Yes, you basically have two options for your second CPU port, and you've
pointed out both options above.

If you describe it as you did in the second case, you'd have a 'correct'
device tree, but this makes that port unusable with all DSA code bases
that exist currently.

If you describe it as you did in the first case (CPU port as user port),
you'd have a functional port, but you wouldn't be able to make use of
multiple CPU ports in DSA without updating your device tree.

The idea is to be able to have the functionality gained by the first
device tree description (CPU port as user port), while having a device
tree that looks like the second description (both ports are proper CPU
ports). For the Felix driver, I've introduced the concept of a "forced
forwarding mask", and the second CPU port (port@6 in your example) is
part of that forced forwarding mask unconditionally, which emulates what
would happen if you'd put swp6 in a bridge with every other user port.

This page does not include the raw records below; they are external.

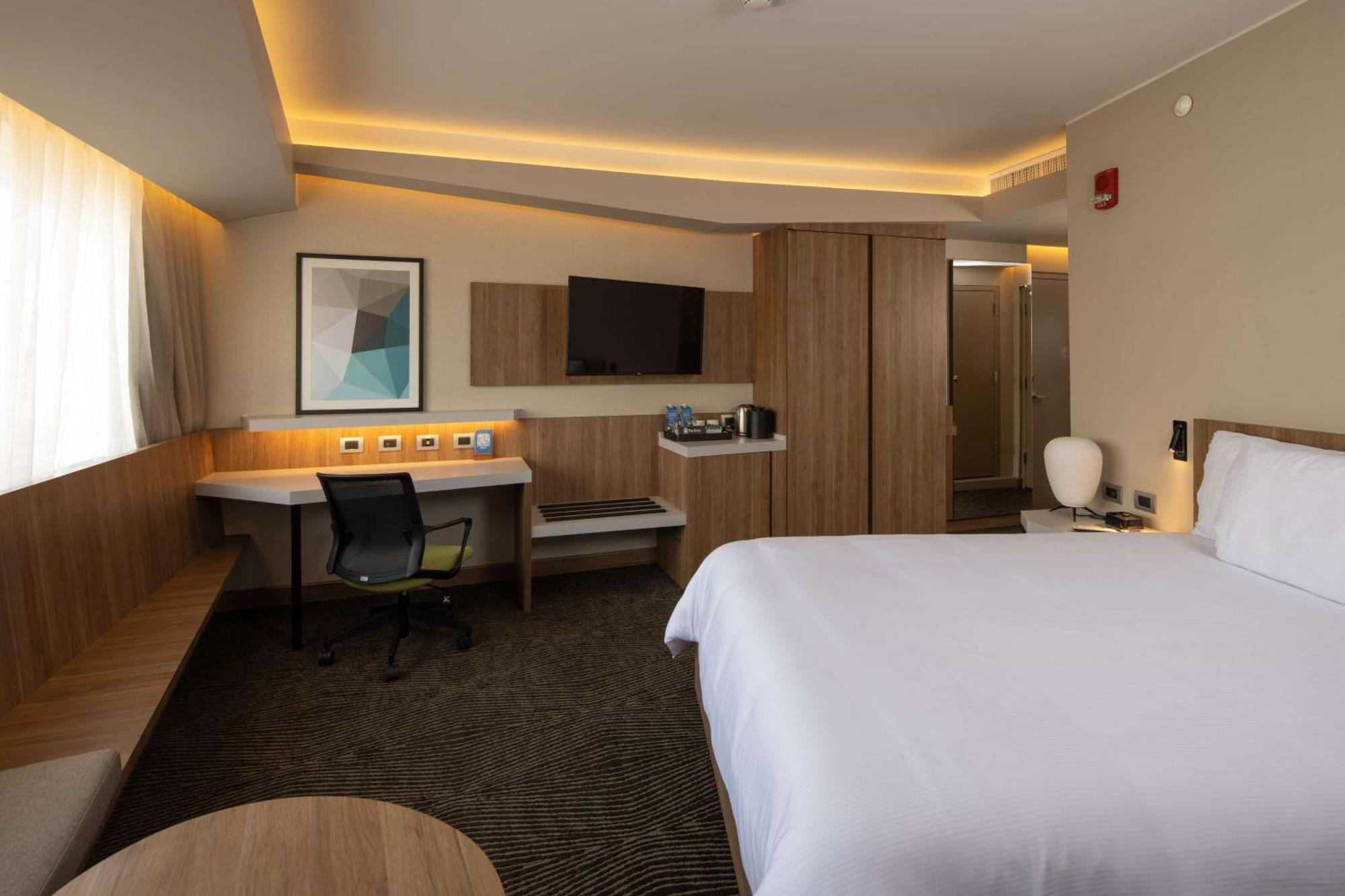 Hilton Garden Inn Lima Miraflores Exterior photo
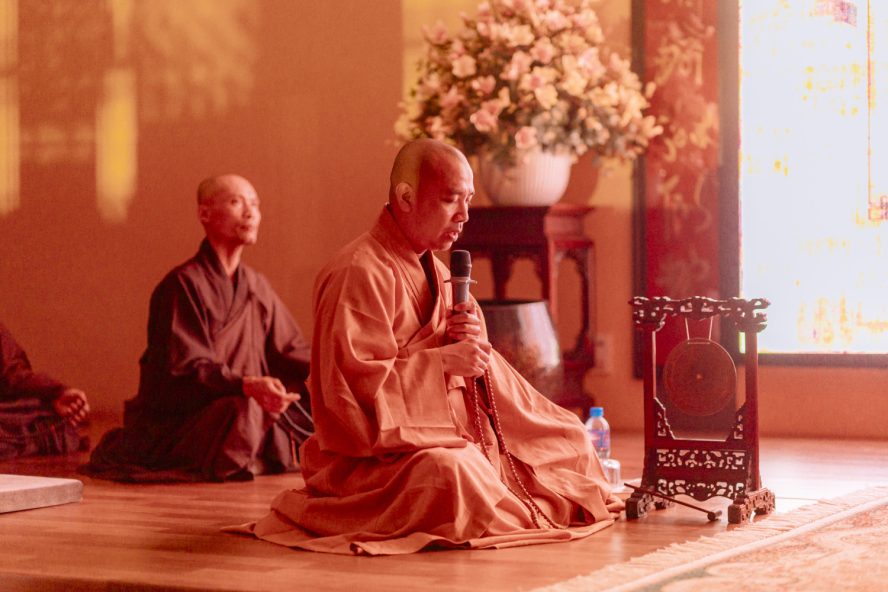 HÒA THƯỢNG TUYÊN LUẬT SƯ THƯỢNG MINH HẠ THÔNG QUANG LÂM THUYẾT GIẢNG TẠI TÙNG LÂM HÒA PHÚC 51 8.2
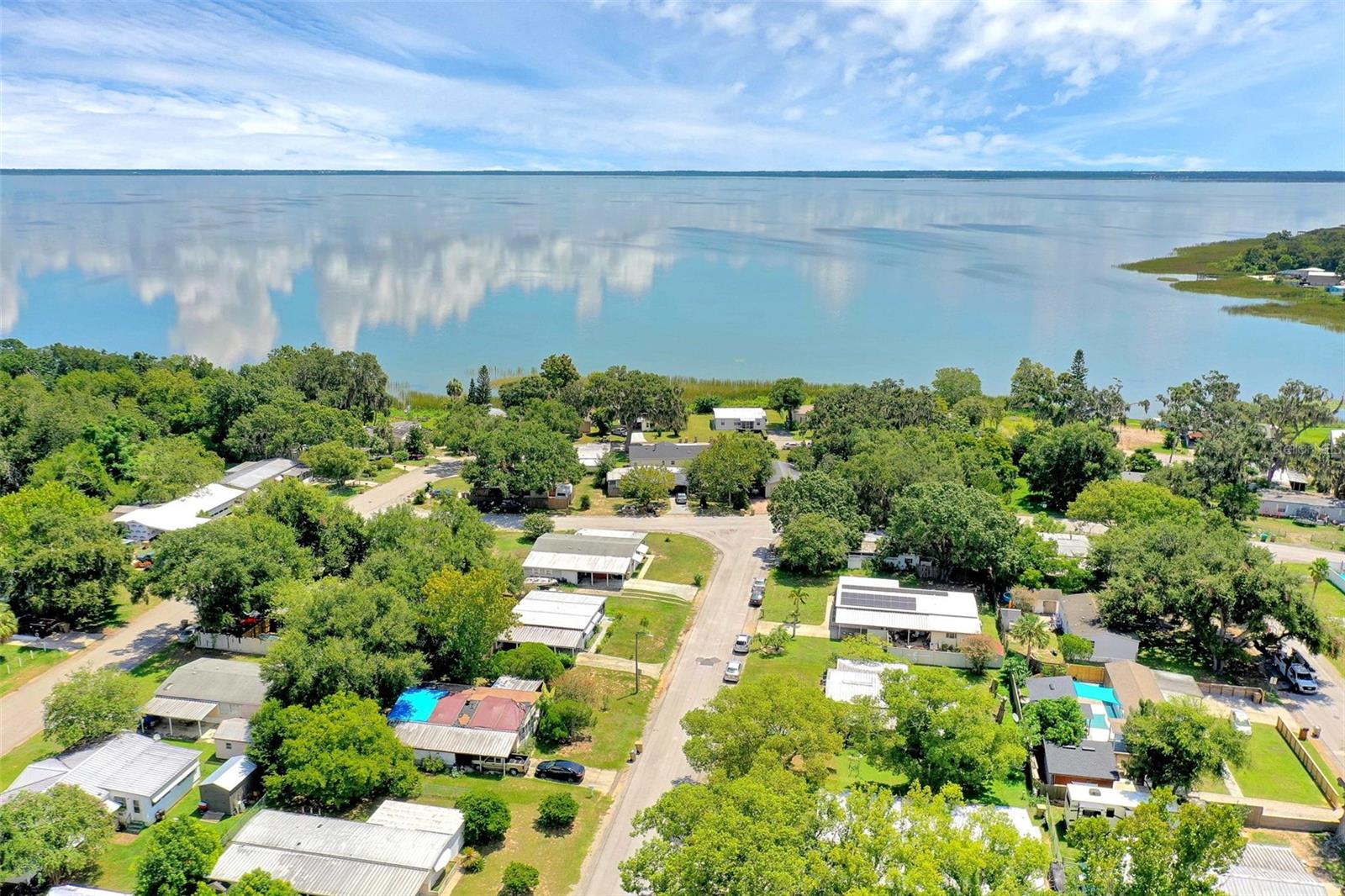 MONTVERDE MOBILE HOME SUB - Residential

> > > But if I'm not wrong there was at the start some years ago an idea of a
> > > node used to declare master port separate from the generic port node but
> > > it was rejected?
> > 
> > I don't know anything about this.
> 
> One of the first RFC for multicpu port (somethin many years ago) from
> some Marvell devs was to declare an additional node (separate from the
> current one) that would declare cpu ports. But it was a bit useless and
> was dropped after some version.
> 
> Aside from these concern how should we proceed with this series? Should
> we first understand the multicpu problem?
> 
> Again sorry for the dealy.

I don't think this series has any dependency on the multiple CPU port
support. I just opened the discussion because I knew you were also
working on it, and I wanted to collect some information about the way in
which you need it to work for your systems.